Back at the Reinstall Mines
You install and reinstall enough of the same applications over and over again and you're sure to have some peeves. As I rebuild my main work machine today, these peeves once again naturally rise to surface consciousness. The application I hate reinstalling most? Anything by Adobe, particularly Photoshop or Illustrator. I've owned copies of both applications since they were 3.0.4 and 4.rubbish, respectively, and have bought the version upgrades all the way through 10/7. This results in a multistage installation process that involves installing multiple older versions (some of which can be safely removed later and some of which cannot), swapping CDs like they were swinging 70s wives, dusting off large 3.5" floppy installation sets and entering, in the case of Photoshop, 3 different product keys.

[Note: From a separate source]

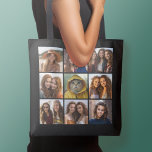 9 Photo Collage Custom Monogram Change Back Colour Tote Bag<br><div class="desc">You can use any photos for this design. Use 9 square photos to create a unique and personal gift. Or you can keep the hipster puppy and make a trendy keepsake. If you need to adjust the pictures,  click on the customise tool to make changes.</div>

It's not that any individual upgrade path is all that ridiculous, but the sum of the parts and changing approaches to prior-version validation over time sucks. Suffice it to say, hypothetically, installing from media which I don't legally have a right to, like say the full media for version 6 and then applying my legal upgrade CD and key to version 7 would shave about 30 to 40 minutes off the overall installation process. Illegal? Probably. Illogical? Not really. Unethical? Hmm.
Illustrator 10 is worse, basically I have to leave version 7 installed or it breaks the subsequent 10 upgrade.
I should balance things out by saying there are applications out there that are sheer installation bliss, in fact they seem to be in the majority for my basic tools. Thirteen down, sixteen more to go.